Will we see real pacts at next General Election?
NON-APOLOGETIC apologies being suddenly fashionable, here’s one in Johnsonese for the exceptionally abrupt ending of last week’s column headlined ‘‘Keir needs allies to help shift Commons balance’’.
Believe me, I know your anguish and I feel your rage for my leaving you suspended mid-sentence. I offer my heartfelt apologies. All I ask is to be allowed to continue my train of argument so that the full facts can be established.
Fact One: for the first time in ages Labour is indisputably ahead of the Conservatives in the opinion polls, recently by over 10% – its largest lead since 2014.
Fact Two: Keir Starmer recently emphasised that in the next General Election Labour “will focus on target seats – places where we can and have to win”.
The F-word, ‘focus’, but meaning what exactly?

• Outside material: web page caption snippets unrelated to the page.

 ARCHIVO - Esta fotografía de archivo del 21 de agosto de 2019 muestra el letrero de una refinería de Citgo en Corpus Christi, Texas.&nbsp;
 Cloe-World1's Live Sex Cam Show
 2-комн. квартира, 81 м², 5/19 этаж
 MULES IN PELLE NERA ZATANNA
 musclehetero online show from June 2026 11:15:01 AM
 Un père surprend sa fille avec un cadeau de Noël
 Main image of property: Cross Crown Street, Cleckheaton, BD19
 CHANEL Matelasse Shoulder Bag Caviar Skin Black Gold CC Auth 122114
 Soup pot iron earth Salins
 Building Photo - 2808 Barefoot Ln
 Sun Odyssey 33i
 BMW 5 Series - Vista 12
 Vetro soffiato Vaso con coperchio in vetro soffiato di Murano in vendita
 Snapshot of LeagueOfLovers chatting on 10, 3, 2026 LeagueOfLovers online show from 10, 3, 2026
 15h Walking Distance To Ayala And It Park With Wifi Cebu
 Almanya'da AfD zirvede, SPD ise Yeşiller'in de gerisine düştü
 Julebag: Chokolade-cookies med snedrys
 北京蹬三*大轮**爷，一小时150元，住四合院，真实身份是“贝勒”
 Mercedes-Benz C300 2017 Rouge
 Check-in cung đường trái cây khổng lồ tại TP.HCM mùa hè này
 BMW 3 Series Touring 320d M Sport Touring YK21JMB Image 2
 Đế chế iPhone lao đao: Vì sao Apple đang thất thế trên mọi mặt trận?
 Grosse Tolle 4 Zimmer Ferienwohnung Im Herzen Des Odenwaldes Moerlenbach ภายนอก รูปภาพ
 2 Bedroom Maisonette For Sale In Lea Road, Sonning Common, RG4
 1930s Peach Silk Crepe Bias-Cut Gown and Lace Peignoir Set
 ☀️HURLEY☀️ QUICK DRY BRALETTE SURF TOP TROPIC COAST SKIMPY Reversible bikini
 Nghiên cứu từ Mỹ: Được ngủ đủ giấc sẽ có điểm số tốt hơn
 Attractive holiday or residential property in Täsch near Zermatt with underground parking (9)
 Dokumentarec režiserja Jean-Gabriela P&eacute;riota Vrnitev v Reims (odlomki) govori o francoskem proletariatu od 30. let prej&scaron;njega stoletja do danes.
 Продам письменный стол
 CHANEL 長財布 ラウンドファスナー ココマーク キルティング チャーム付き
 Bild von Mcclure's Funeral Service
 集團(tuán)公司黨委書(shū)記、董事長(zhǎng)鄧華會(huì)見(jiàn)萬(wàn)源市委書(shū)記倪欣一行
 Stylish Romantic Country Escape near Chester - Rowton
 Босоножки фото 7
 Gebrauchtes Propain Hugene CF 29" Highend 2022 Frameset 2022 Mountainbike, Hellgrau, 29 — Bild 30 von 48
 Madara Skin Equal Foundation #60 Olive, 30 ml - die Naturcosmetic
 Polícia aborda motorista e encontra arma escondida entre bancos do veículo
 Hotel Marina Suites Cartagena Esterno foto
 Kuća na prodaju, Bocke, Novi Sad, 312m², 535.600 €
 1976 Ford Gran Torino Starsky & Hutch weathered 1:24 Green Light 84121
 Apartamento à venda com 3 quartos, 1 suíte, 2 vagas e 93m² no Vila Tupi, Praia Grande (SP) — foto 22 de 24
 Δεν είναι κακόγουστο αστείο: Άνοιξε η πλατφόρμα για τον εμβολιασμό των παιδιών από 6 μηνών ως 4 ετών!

Apparently, ‘holding back’ in Conservative-held constituencies where, say, the Liberal Democrats are established and stand an obviously better chance than Labour of capturing the seat – as in December’s North Shropshire by-election.
But North Shropshire could so easily have backfired, with ‘wasted’ Labour votes enabling a Conservative win. If Starmer is really serious, the strategy must be standing down; holding back won’t cut it.
Nor just for the Lib Dems, but also in any currently Conservative seats that the Greens or, in Wales, Plaid Cymru, stand demonstrably the best chance of winning.
In short, what Labour needs nowadays, seriously to challenge the Conservatives under our massively non-proportional electoral system, are formal electoral pacts.
Pacts similar to those eventually imposed by Brexit Party leader Nigel Farage in the 2019 General Election, which contributed significantly to the Conservatives’ huge 80-seat Commons majority, thereby enabling both parties’ primary objective: an early Brexit.
Only similar because, unlike Starmer, Farage could dictate. With the election campaign under way and the Conservatives rejecting any electoral pact with the Brexit Party, he autocratically withdrew all his candidates from the 300-plus Conservative-held seats to avoid
splitting the ‘Leave’ vote.
Brexit Party support collapsed, intending voters drifting back to the Conservatives. On Election Night the party’s 2% vote won precisely no seats – and Farage was mocked by some commentators.
Who’s laughing now, though, at the man with a far bigger agenda than winning a few seats in a 650-member House of Commons?
It sure wasn’t Labour’s Jeremy Corbyn, who had dismissed both formal and informal electoral pacts, and even attempts to encourage ‘tactical voting’ – for whichever party’s candidate in a marginal seat was best placed to defeat the defending Conservative and, perhaps even more importantly, to at least delay Brexit.
But that’s history. What about the next General Election? What if Labour, Lib Dems and Greens were prepared pro-actively to, yes, acknowledge the unfair, anti-proportional electoral system they’re currently stuck with, but try to make the very best of it: in the short term for themselves and the anti-Conservative cause?
Longer term… who knows? Maybe a referendum on a genuinely more proportional electoral system?
By happy chance, the independent Constitution Society recently commissioned a poll of 14,000 respondents, testing the impact of precisely such a Labour/LibDem/ Green pact across the currently 573 English and Welsh constituencies.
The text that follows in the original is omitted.